Real Time Protocol (RTP) and Real Time Control Protocol (RTCP)

RTP and RTCP are the transport protocol used for IP telephony. Both of them were defined in RFC1889; the former as a protocol to carry data that has real-time properties, the latter to monitor the quality of service and to convey information about the participants in on-going session. The services provided by the RTP protocol are:

  • identification of the carried information (audio and video codecs);
  • checking packet in-order delivery and, if necessary, re-ordering the out-of-sequence blocks;
  • transport of the coder/decoder synchronization information;
  • monitoring of the information delivery.

The RTP protocol uses the underlying User Datagram Protocol (UDP) to manage multiple connections between two entities and to check for data integrity (checksum). An important point to stress is that RTP neither provides any mean to have a guaranteed QoS nor assumes the underlying network delivers ordered packets.

The RTCP protocol uses the same protcols as RTP to periodically send control packets to all session participants.

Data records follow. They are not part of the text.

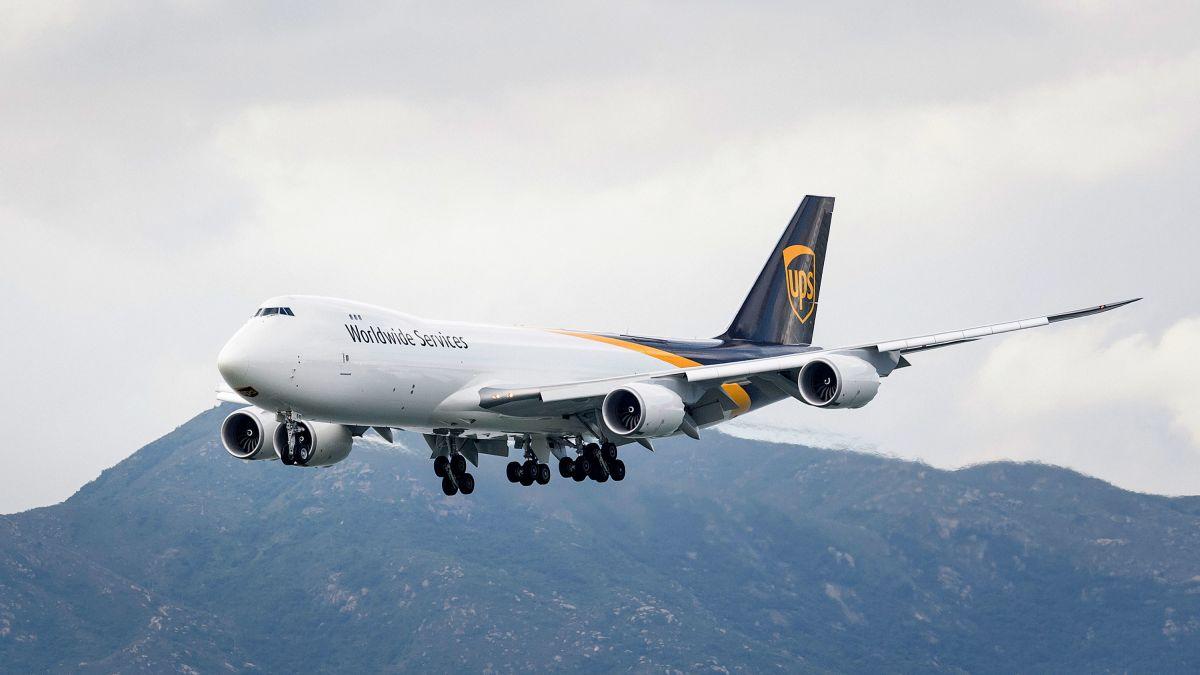 1200x675 Time could be running out for the 747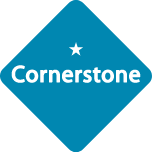 Cornerstone.png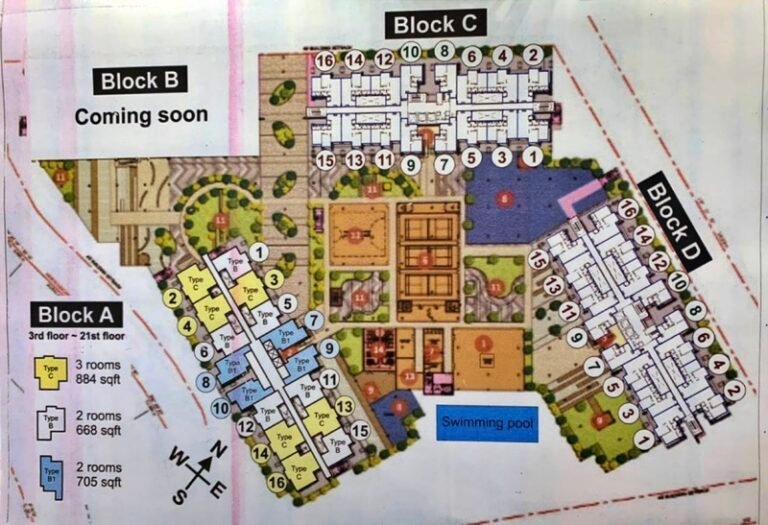 8c366e76 10f1 4148 abce 508060c4a3ec 768x525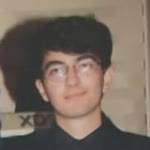 Furkan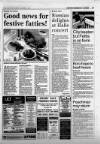 Hull Daily Mail Tuesday 05 January 1993 Page 29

Every RTP channel using port number N has its own RTCP protocol channel with port number equal to N+1. The services provided by the RTCP are:

  • giving a feedback on the data quality distribution, feedback used to keep control of the active codecs;
  • transporting a constant identifier for the RTP source (CNAME), used by the receiver to link a SSRC identifier and its source to synchronize audio and video data;
  • advertising the number of session partecipants, number used to adjust the RTCP data transmision rate;
  • carrying session control information, used to identify the session partecipants.

In the next two subsection we are going to descibe the RTP and RTCP header and the different types of packet those two protocol use.

RTP Header

Figure 2.24 shows the RTP header. The first 12 bytes are present in all the RTP packets, the last bytes containing the CSRC (Contributing SouRCe) identifiers list is present only when a mixer is crossed (with mixer we refer to a system which receives two or more RTP flows, combines them and forwards the resulting flow).

Figure 2.24. RTP Header

RTP Header

The header fields are here detailed:

  • version (V - 2 bits), contains the RTP protocol version;
  • padding (P - 1 bit), if set to 1 then the packet contains one or more additional bytes after the data field;
  • extension (X - 1 bit), if set to 1 then the header is followed by an extension;
  • CSRC count (CC - 4 bits), contains the CSRC identifiers number which follow the header;
  • marker (M - 1 bit), application available field;
  • payload type (PT - 7 bits), identifies the data field format of the RTP packet and determines its interpretation by the application;
  • sequence number (16 bits), value incremented by one for each RTP packet sent, used by the receiver to dectect losses and to determine the right sequence;
  • RTP timestamp (32 bits), is the sampling time of the first RTP byte, used for synchronization and jitter calculation;
  • SSRC ID (32 bits), identifies the synchronization source, chosen randomly within a RTP session;
  • CSRC ID list (from 0 to 15*32 bits), optional field identifying the sources which contribute to the data in the packet, the number of the CSRC IDs is written in the CSRC count field.

RTCP packet types and format

In order to transport the session control information, the RTCP foresees a number of packet types:

  • SR, Sender Report, to carry the information sent by the transmitters, to give notice to the other partecipants on the control information they should receive (number of bytes, number of packets, etc.);
  • RR, Receiver Report, to carry the statistics of the session participants which are not active transmitters;
  • SDES, Source DESscription, to carry the session description (including the CNAME identifier);
  • BYE, to notify the intention of leaving the session;
  • AAP, to carry application specific functions, used by experiemtnal use of new applications.

Every RTCP packet begins with a fixed part similar to the one of the RTP ones, such part is then followed by structural element of variable length. More than one RTCP packet may be linked togetherto build a COMPOUND PACKET. Moreover, in order to maximize the statistics resolution, the SR and the RR packet types are to be sent more often than the other packet types.